--On Tuesday, February 24, 2009 9:26 AM -0500 Wietse Venema <wie...@porcupine.org> wrote:

Further investigation tracks this down to something failing with DNS
resolution after a while.  Don't know why, but it does seem to be a
problem  with OS X and catastrophic failure.

Since I don't maintain copies of every Postfix-enabled platform (*)
I will rely on you to provide accurate observations.

        Wietse

(*) I have a couple representaive platforms running in VMware, but
    that is only for testing my own Postfix distribution.

I'm definitely convinced it is an OSX 10.5 bug and not a postfix bug at this point, but hopefully this can help others if they ever run into it. I don't have a solution at this point. Here's more gory details. Two clients have had this occur in different circumstances, but in both cases where OSX was forced to go down uncleanly.

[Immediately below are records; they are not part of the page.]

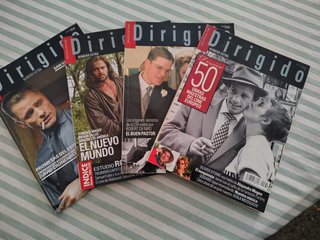 Revista de cine Dirigido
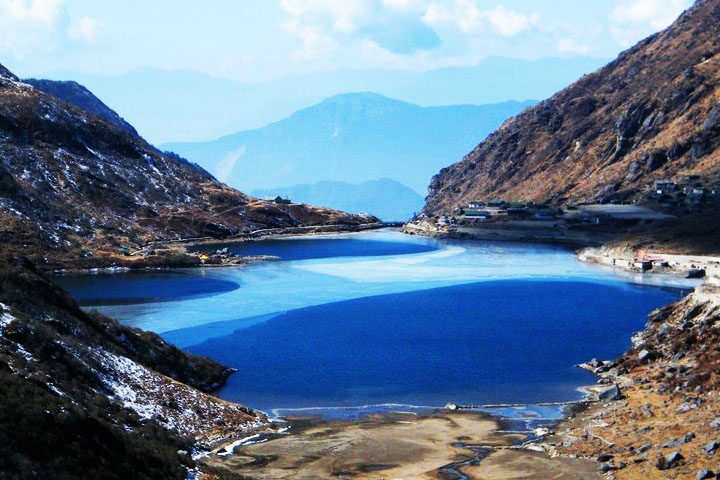 Tsomgo lake Gangtok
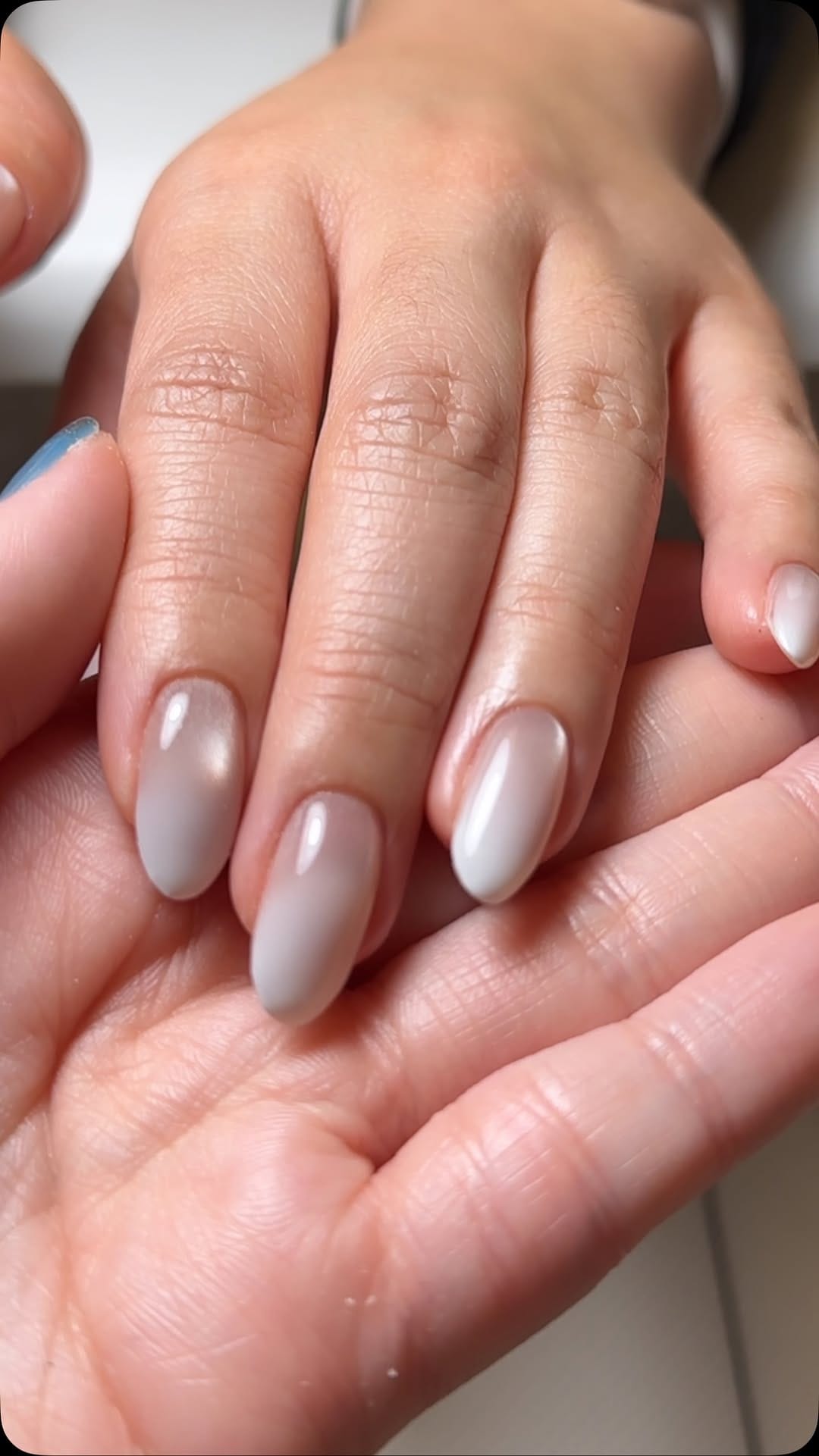 Post 2 by Private Nail Studio Bay Area on Instagram (video)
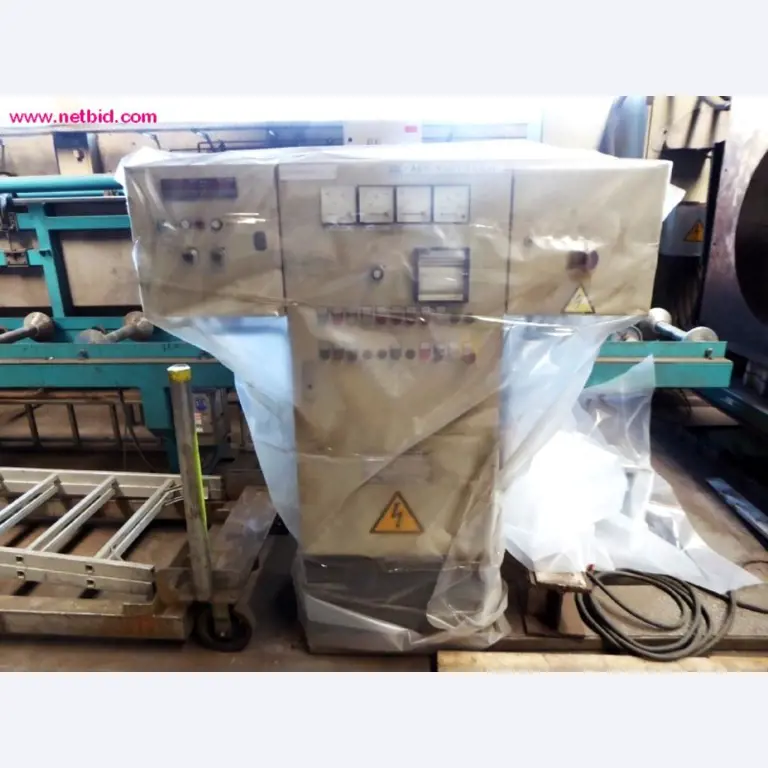 Construção de tanques e produção de tubos-2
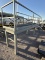 LARGE STEEL CATWALK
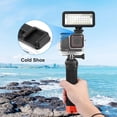 thumbnail image 5 of XIHAMA Dive Case Compatible with Insta360 Ace Pro, 60M/196FT Underwater Waterproof Diving Housing Cover Protective Shell for Insta360 Ace Pro Housings with Bracket Camera Accessories, 5 of 6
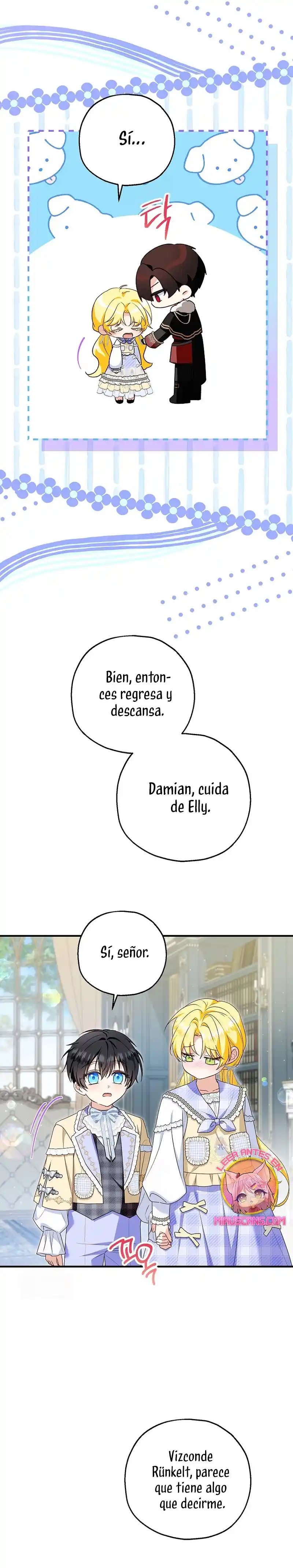 La Futura Nuera Se Prepara Para La Adopción - Capítulo 103 - Página 6 - LectorTMOo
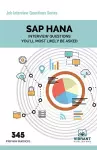 SAP HANA Interview Questions cover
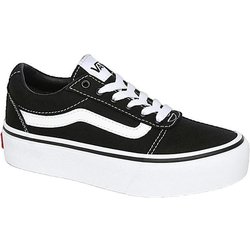 Plateausneaker Vans Ward Platform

For Client A, it started after they had a power outage. For Client B, it happened after they had a HD failure. I don't know for client B how they recovered the failed HD. In both cases, after the failure, after postfix is running for a while, it starts complaining that it can't do startTLS operations to LDAP. In addition, mail files start showing up in /var/spool/postfix/maildrop. Further investigation revealed that these mail files are being generated by sudo. The same sudo command never generated them prior to the crashes of these servers.

I was finally able to get access to client B's server while the startTLS failures were occurring. At that point I turned up the debuglevel in the LDAP map file it was attempting to use to 7. This resulted in the following being logged:

ldap_connect_to_host: getaddrinfo failed: Temporary failure in name resolution

I then disabled startTLS and verified that connections still failed with the same issue. I.e., startTLS was never the problem (which is good. :P ).

Further examination of the system logs showed that other processes were also having problems resolving the host via DNS:

auth failed: curl_easy_perform: error(6): Couldn't resolve host 'domain.com'

In both cases, the host in question is the local system, which has its correct entries in /etc/hosts, and nslookup, dig, and host commands all worked fine for me as multiple users.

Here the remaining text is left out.